PM seeks formal cabinet approval for Syria airstrikes before Commons debate

The prime minister is seeking the formal approval of the cabinet for airstrikes against Isis targets in Syria ahead of a 10-hour debate in the Commons on Wednesday, in which the government is almost certain to win a majority for military action.
Jeremy Corbyn’s decision to allow Labour MPs to have a free vote on whether to bomb targets in Syria will hand David Cameron a “guaranteed majority” in parliament, the former shadow home secretary David Davis has said.
The cabinet will be asked to agree to the scrapping of the weekly session of prime minister’s questions to allow the prime minister to open the debate at midday with the vote scheduled to take place at 10pm.
Corbyn will set out his opposition to the bombings when he replies to the prime minister. But Labour divisions will be highlighted when Hilary Benn, the shadow foreign secretary, who supports the bombing, winds up for Labour at about 9.30pm. Philip Hammond, the foreign secretary, is expected to conclude for the government.
Davis, who will be among a small number of Conservative MPs to vote with Corbyn in opposing airstrikes, said the Labour leader’s decision to allow his MPs to have a free vote has guaranteed the prime minister victory. 
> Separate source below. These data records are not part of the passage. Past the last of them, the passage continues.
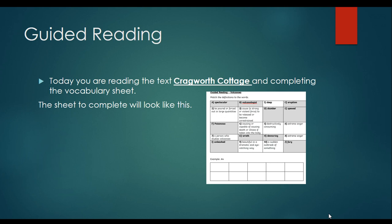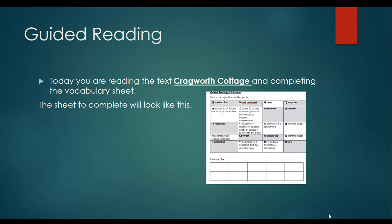Guided reading — you're moving on to your new text, which is called Craigworth Cottage. If you can find that in your pack, that would be great. Please have a good read of it. Read it out loud, use lots of expression, and annotate it if you need to. Then complete the vocab sheet, which looks just like the one on your screen that goes along with it.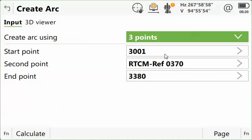If you know the three points that you're going to use, you can type those in, or you can select them from the 3D viewer.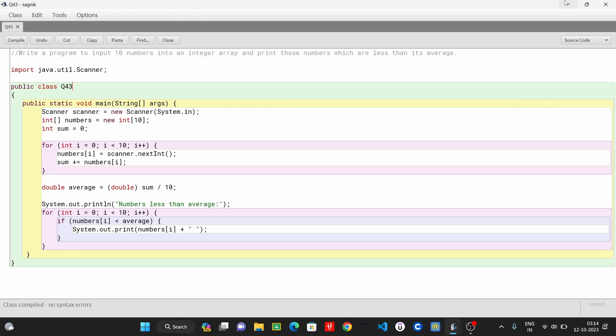The next question is: write a program to input 10 numbers into an integer array and print those numbers which are less than its average. So, the next step is input.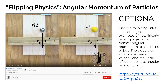There's a great video produced by the YouTube channel Flipping Physics, titled 'Angular Momentum of Particles.' I'll encourage you to visit the link below to see examples of how linearly moving objects can transfer angular momentum to a spinning object — similar to the example we just discussed. The video also shows how mass, velocity, and radius all affect an object's angular momentum.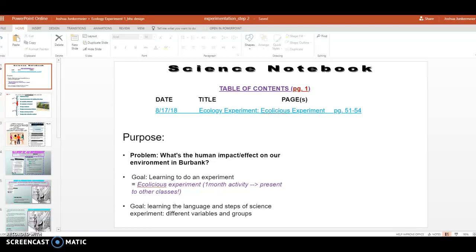Good morning, good afternoon, good evening. This is our video for step two of learning our experiment. We did step one already — that was our first video. And this will be the second part of explaining how to do our experiment.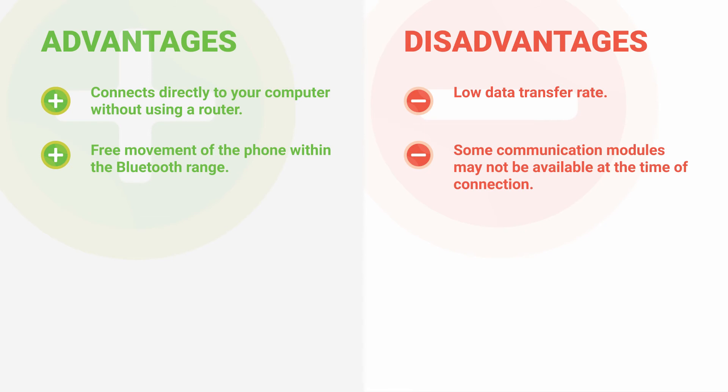Disadvantages. Low data transfer rate. Some communication modules may not be available at the time of connection.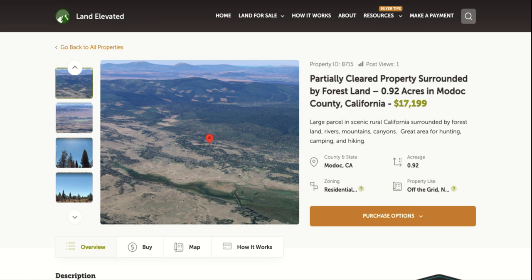Hi, I'm Rachel with LandElevated.com. Welcome to the property overview video for PID 8715. This is our 0.92 acre property in Modoc County, California.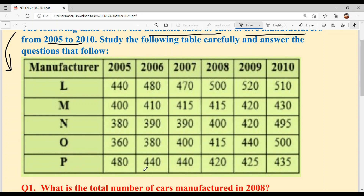And last is manufacturer P: 480 cars in 2005, 440 cars in 2006, again 440 cars in 2007, 420 cars in 2008, 425 cars in 2009, and finally 435 cars in 2010. It's a very easy table chart — there's no difficulty, no calculation load as of now.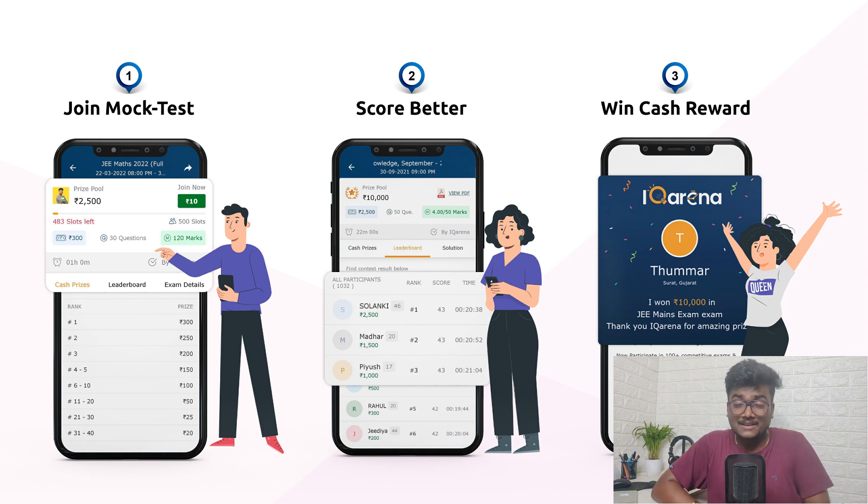Write the exam well and earn cash prizes. I will be showing you a screen recording that will clear all your doubts regarding this application. I request every one of you to register on this app and write the exam, and also suggest it to your friends. Let me know in the comment section how many of you are going to write this exam and how many are going to share it with your friends.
The former shadow home secretary told the Today programme on BBC Radio 4: “The thing that has triggered this has been Jeremy Corbyn’s decision to have a free vote on this, Labour party disunity. However you want to put it, that’s what’s given David Cameron a guaranteed majority. He [Corbyn] is new politics in at least one sense: he is giving everybody the right to [have a] say. Frankly, to be honest, this is a matter of life and death. You can’t whip an issue like this.”
The Tory whips are confident that they have substantially reduced the number of Tory rebels who voted against airstrikes against Bashar al-Assad in August 2013 to well below 20.
The Tory rebels are likely to be strongly outweighed by as many as 60 Labour MPs who are prepared to vote in favour of airstrikes.
But Clive Lewis, a shadow frontbencher who is a strong Corbyn supporter, warned that Labour MPs who vote with the government will face reprisals if the airstrikes lead to more terrorist attacks. Lewis told the Today programme: “If there are members of the PLP that want to bomb in Syria and vote with the Tories, then on their heads be it.